[Activity]: Every entry below must be repeated exactly; skip the pictures.

Caption-style text data:
# # # #

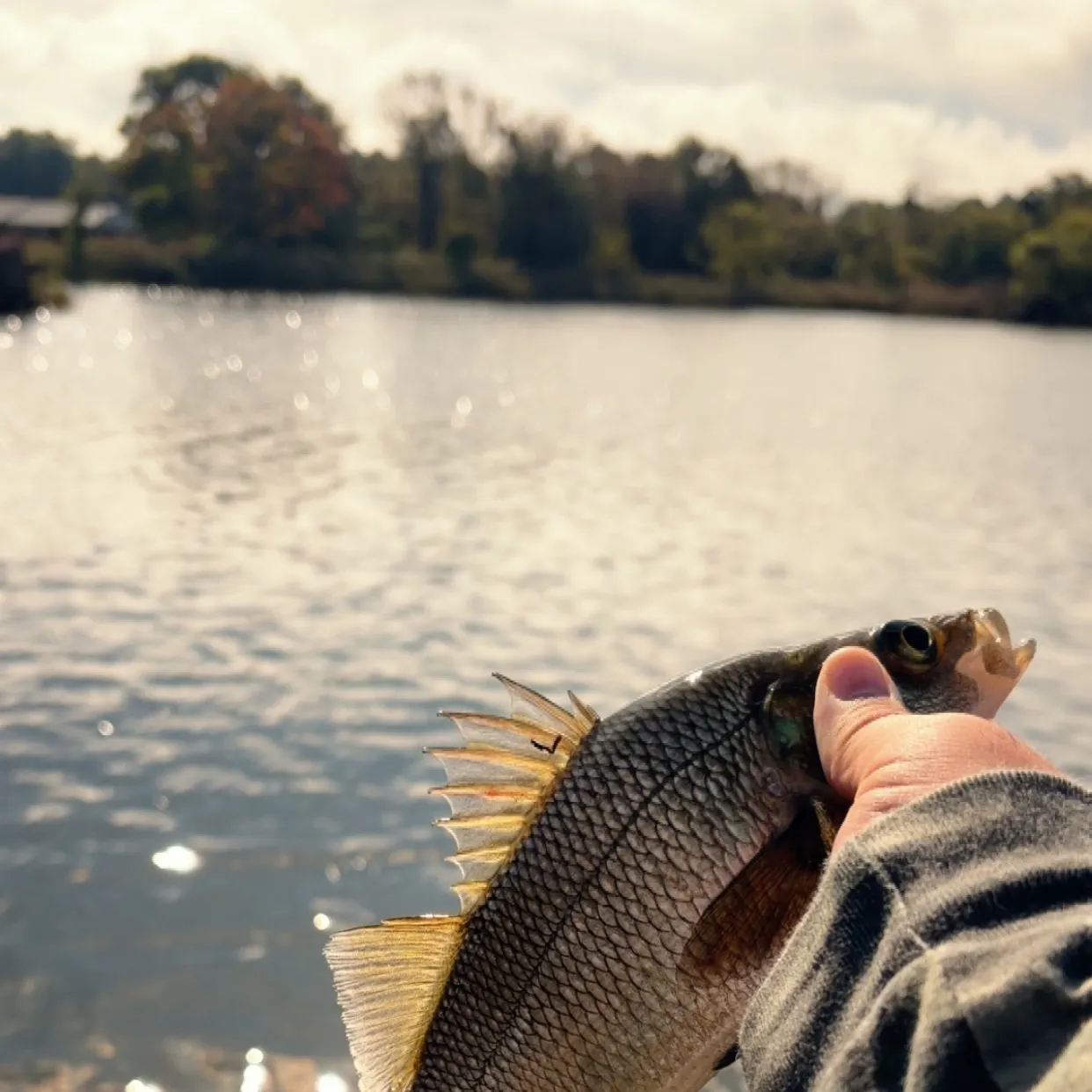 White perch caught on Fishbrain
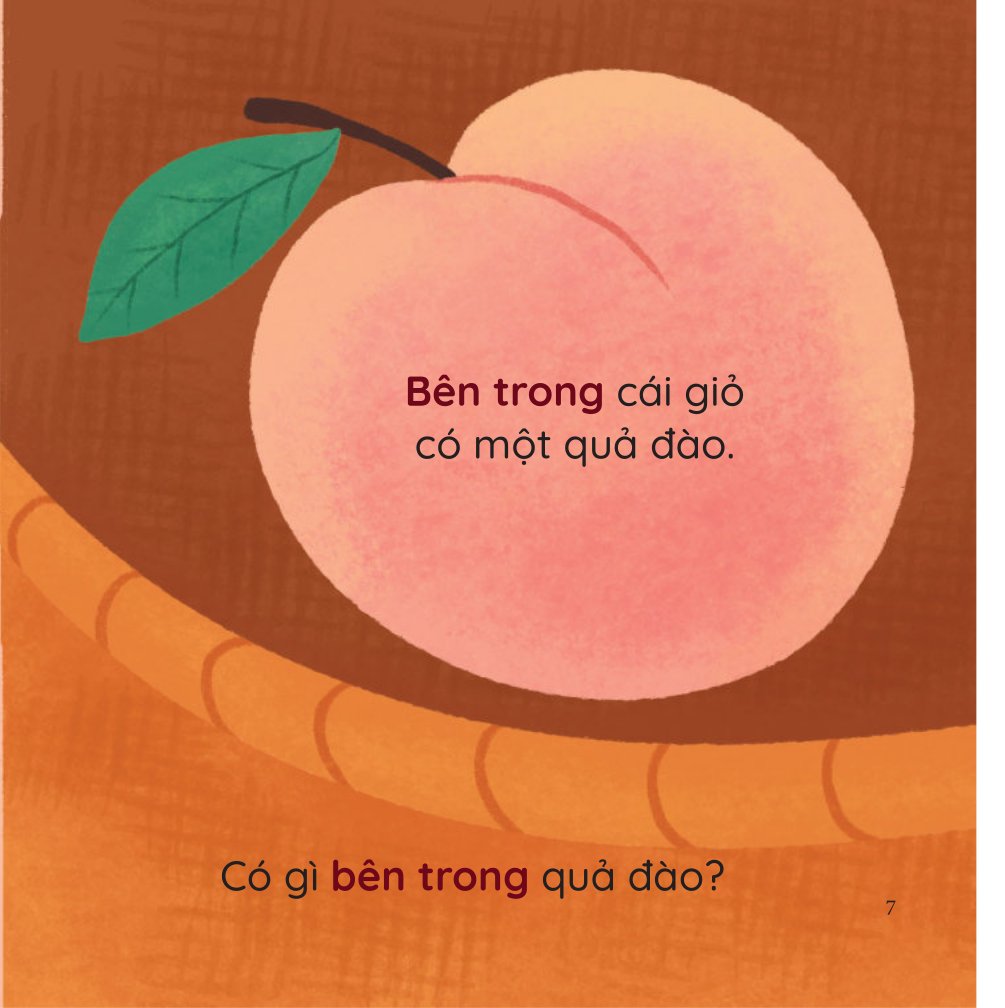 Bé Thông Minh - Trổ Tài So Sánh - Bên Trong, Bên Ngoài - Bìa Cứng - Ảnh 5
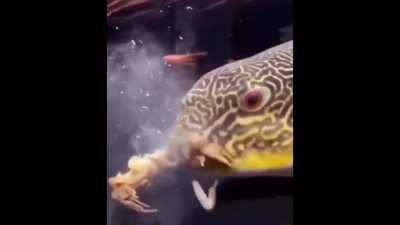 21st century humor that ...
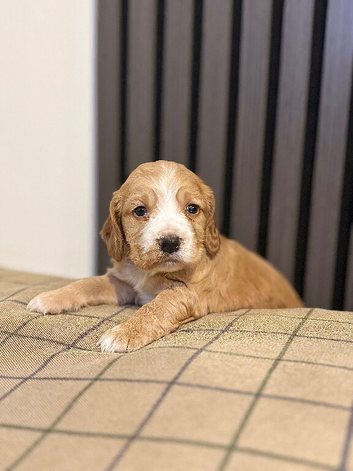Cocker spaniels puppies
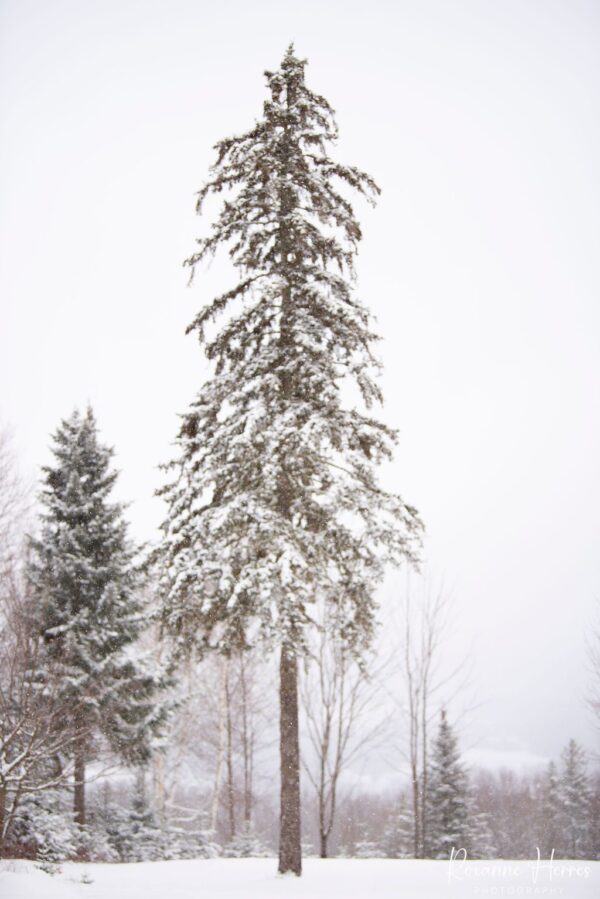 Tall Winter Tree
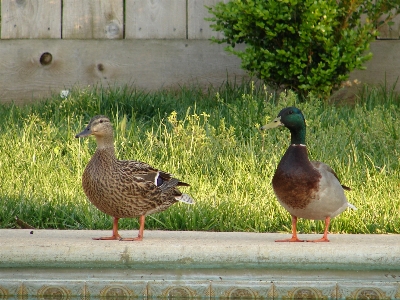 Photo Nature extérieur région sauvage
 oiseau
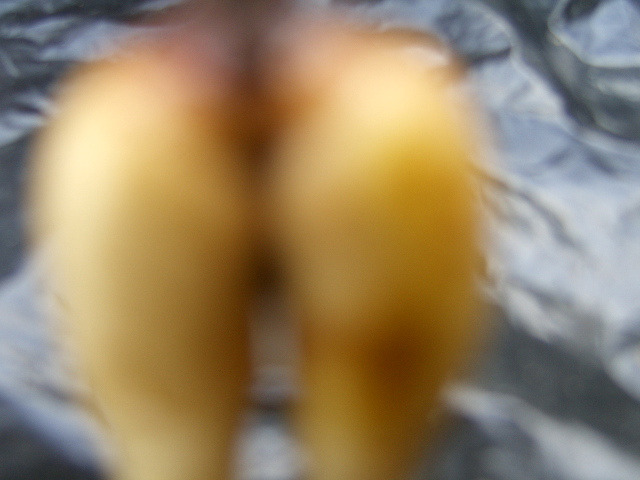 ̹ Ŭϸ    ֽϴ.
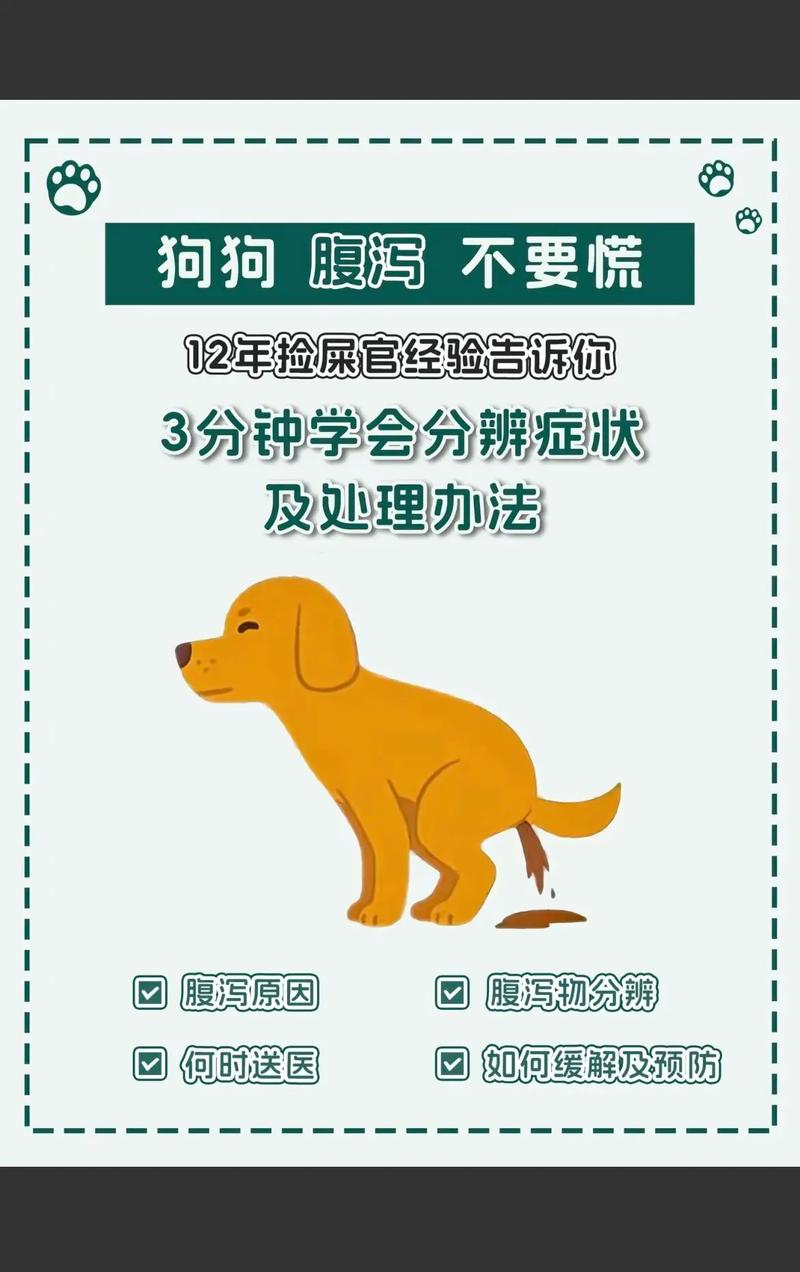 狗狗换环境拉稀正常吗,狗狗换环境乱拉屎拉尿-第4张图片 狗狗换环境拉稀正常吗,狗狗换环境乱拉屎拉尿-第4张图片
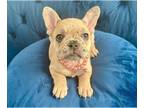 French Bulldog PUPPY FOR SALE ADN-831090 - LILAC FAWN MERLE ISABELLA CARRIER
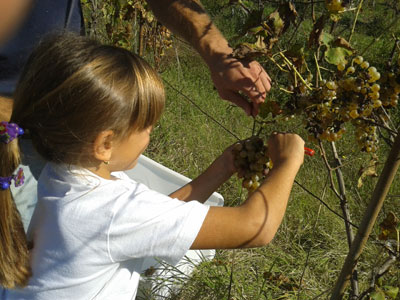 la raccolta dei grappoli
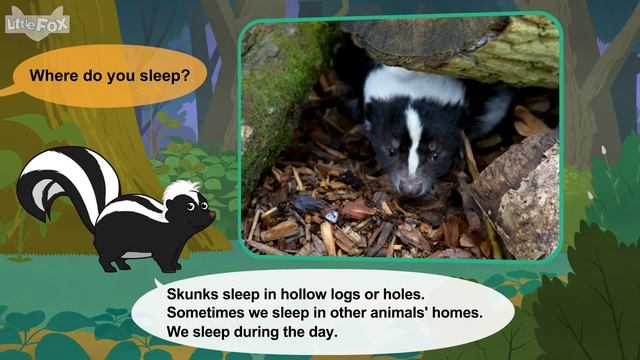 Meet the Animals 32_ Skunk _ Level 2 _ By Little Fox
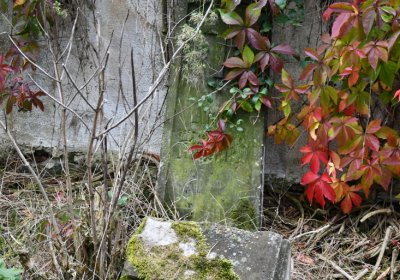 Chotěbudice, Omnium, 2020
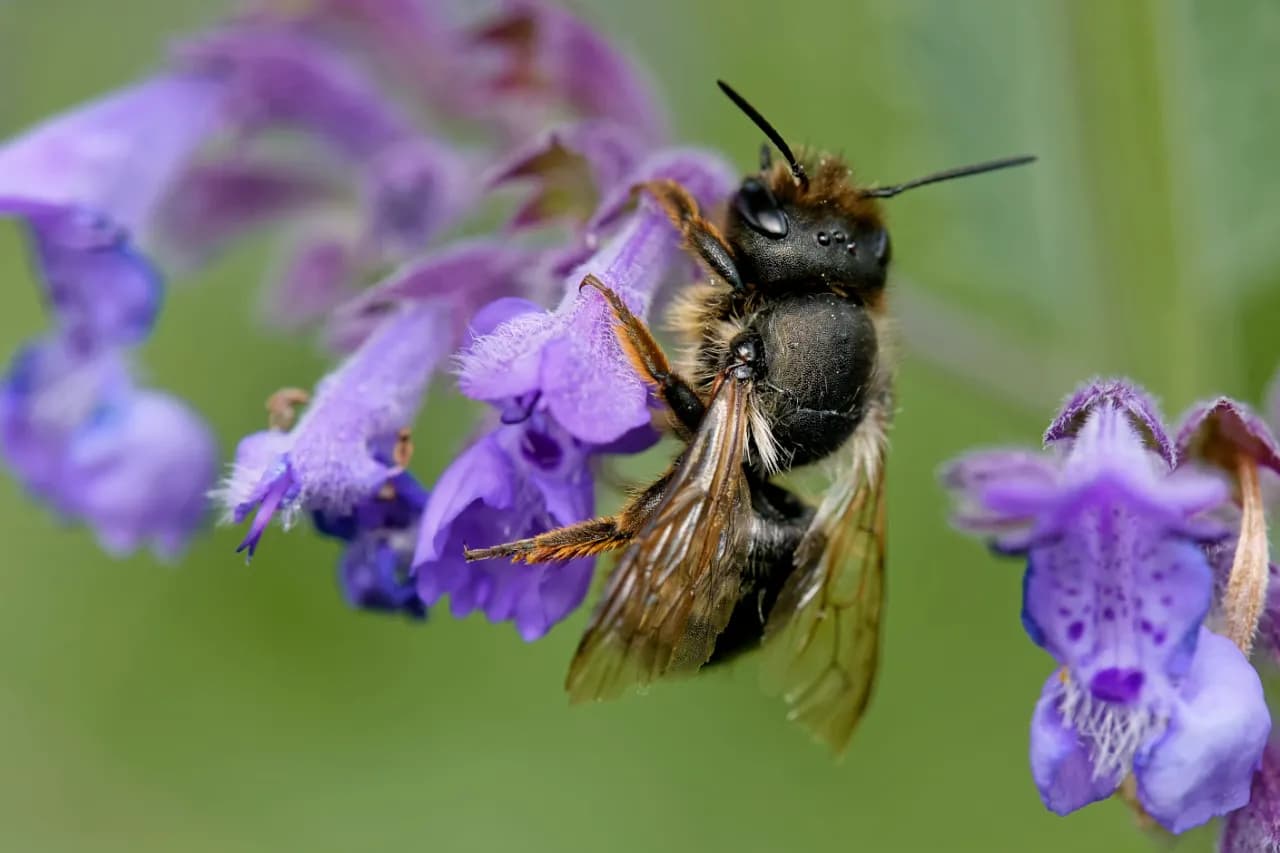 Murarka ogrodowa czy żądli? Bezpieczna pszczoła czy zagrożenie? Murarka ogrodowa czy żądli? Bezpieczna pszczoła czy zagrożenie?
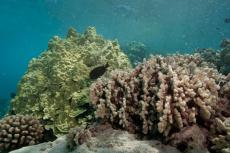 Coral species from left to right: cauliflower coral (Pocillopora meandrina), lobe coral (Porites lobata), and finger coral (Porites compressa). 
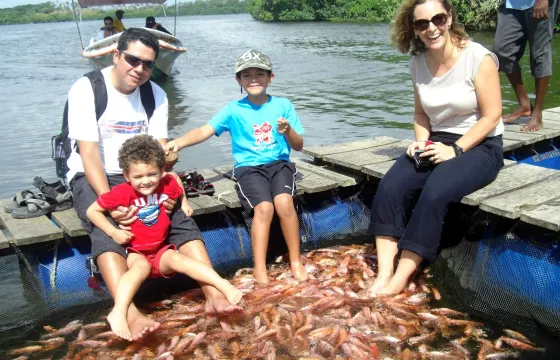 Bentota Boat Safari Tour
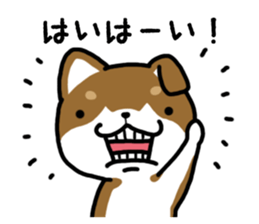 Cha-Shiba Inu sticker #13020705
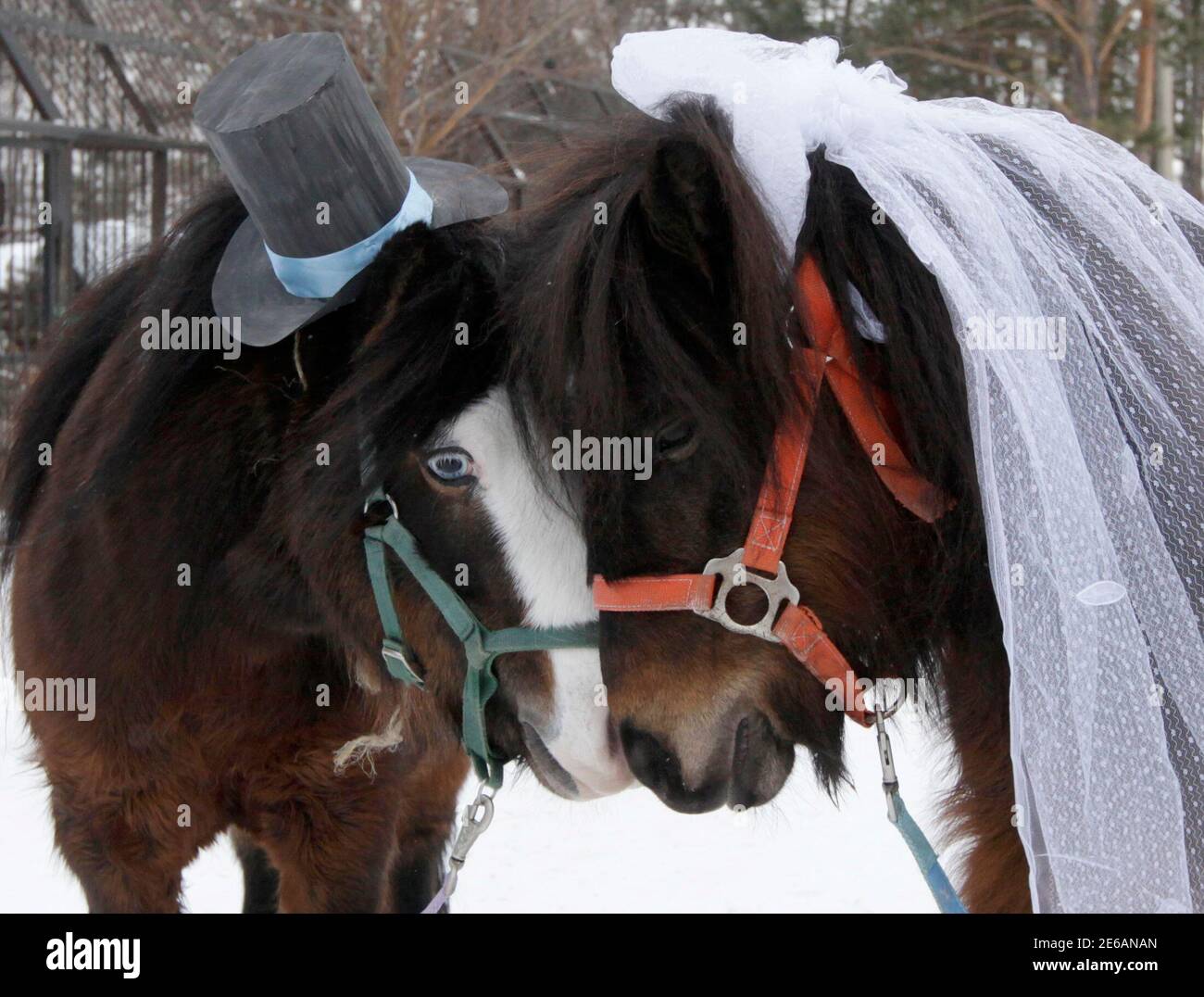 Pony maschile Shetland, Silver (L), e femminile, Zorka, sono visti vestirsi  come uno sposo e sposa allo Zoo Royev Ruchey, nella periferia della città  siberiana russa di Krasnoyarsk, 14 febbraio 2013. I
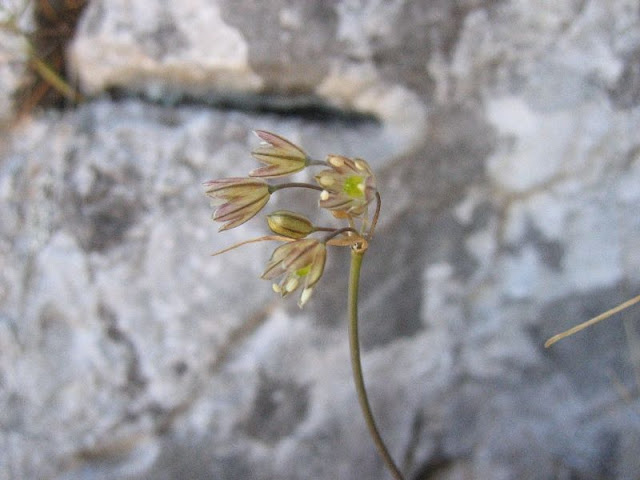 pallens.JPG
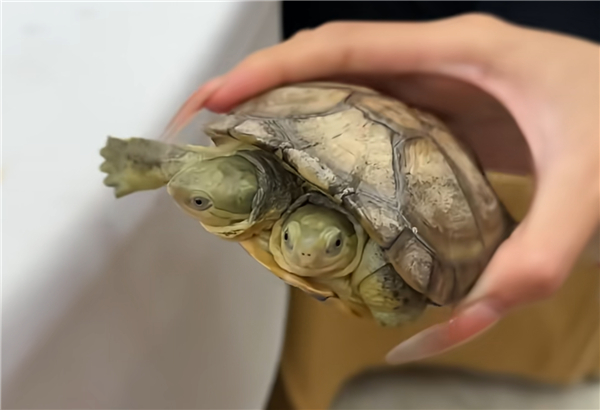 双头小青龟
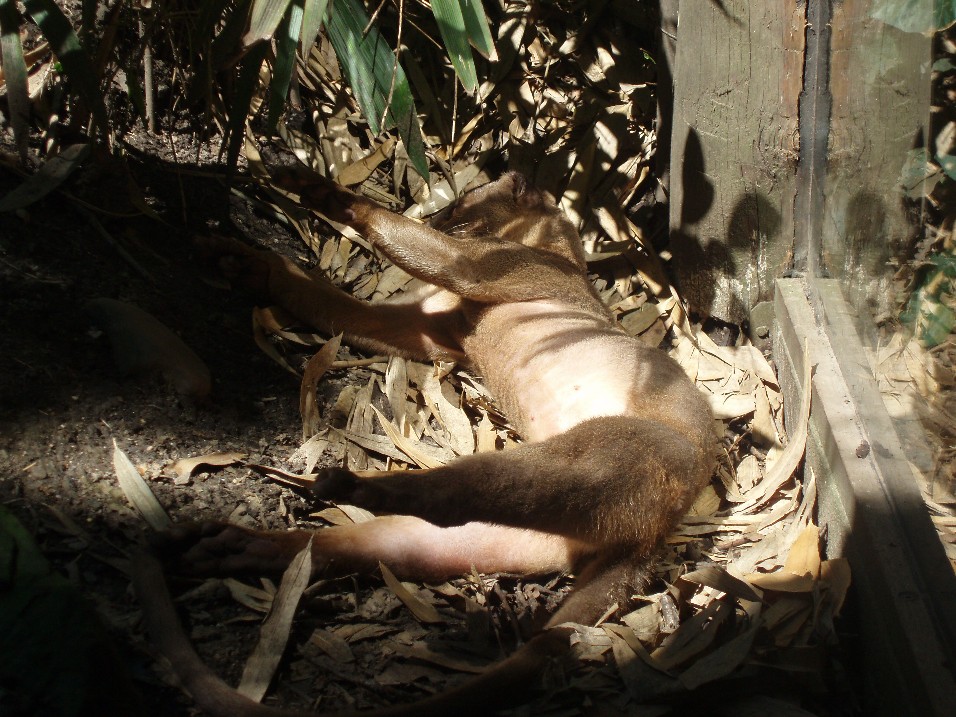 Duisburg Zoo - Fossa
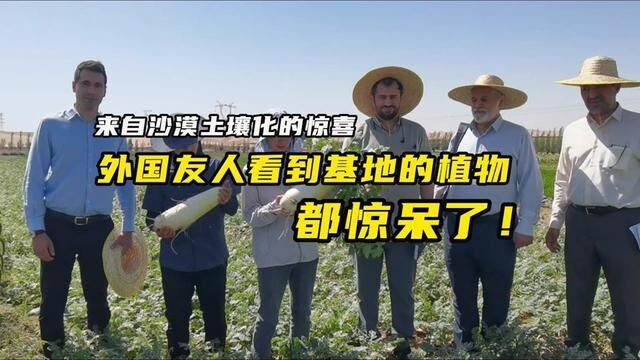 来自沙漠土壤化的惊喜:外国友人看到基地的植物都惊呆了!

# # # #

[Solution]:
 White perch caught on Fishbrain
 Bé Thông Minh - Trổ Tài So Sánh - Bên Trong, Bên Ngoài - Bìa Cứng - Ảnh 5
 21st century humor that ...
Cocker spaniels puppies
 Tall Winter Tree
 Photo Nature extérieur région sauvage
 oiseau
 ̹ Ŭϸ    ֽϴ.
 狗狗换环境拉稀正常吗,狗狗换环境乱拉屎拉尿-第4张图片 狗狗换环境拉稀正常吗,狗狗换环境乱拉屎拉尿-第4张图片
 French Bulldog PUPPY FOR SALE ADN-831090 - LILAC FAWN MERLE ISABELLA CARRIER
 la raccolta dei grappoli
 Meet the Animals 32_ Skunk _ Level 2 _ By Little Fox
 Chotěbudice, Omnium, 2020
 Murarka ogrodowa czy żądli? Bezpieczna pszczoła czy zagrożenie? Murarka ogrodowa czy żądli? Bezpieczna pszczoła czy zagrożenie?
 Coral species from left to right: cauliflower coral (Pocillopora meandrina), lobe coral (Porites lobata), and finger coral (Porites compressa). 
 Bentota Boat Safari Tour
 Cha-Shiba Inu sticker #13020705
 Pony maschile Shetland, Silver (L), e femminile, Zorka, sono visti vestirsi  come uno sposo e sposa allo Zoo Royev Ruchey, nella periferia della città  siberiana russa di Krasnoyarsk, 14 febbraio 2013. I
 pallens.JPG
 双头小青龟
 Duisburg Zoo - Fossa
 来自沙漠土壤化的惊喜:外国友人看到基地的植物都惊呆了!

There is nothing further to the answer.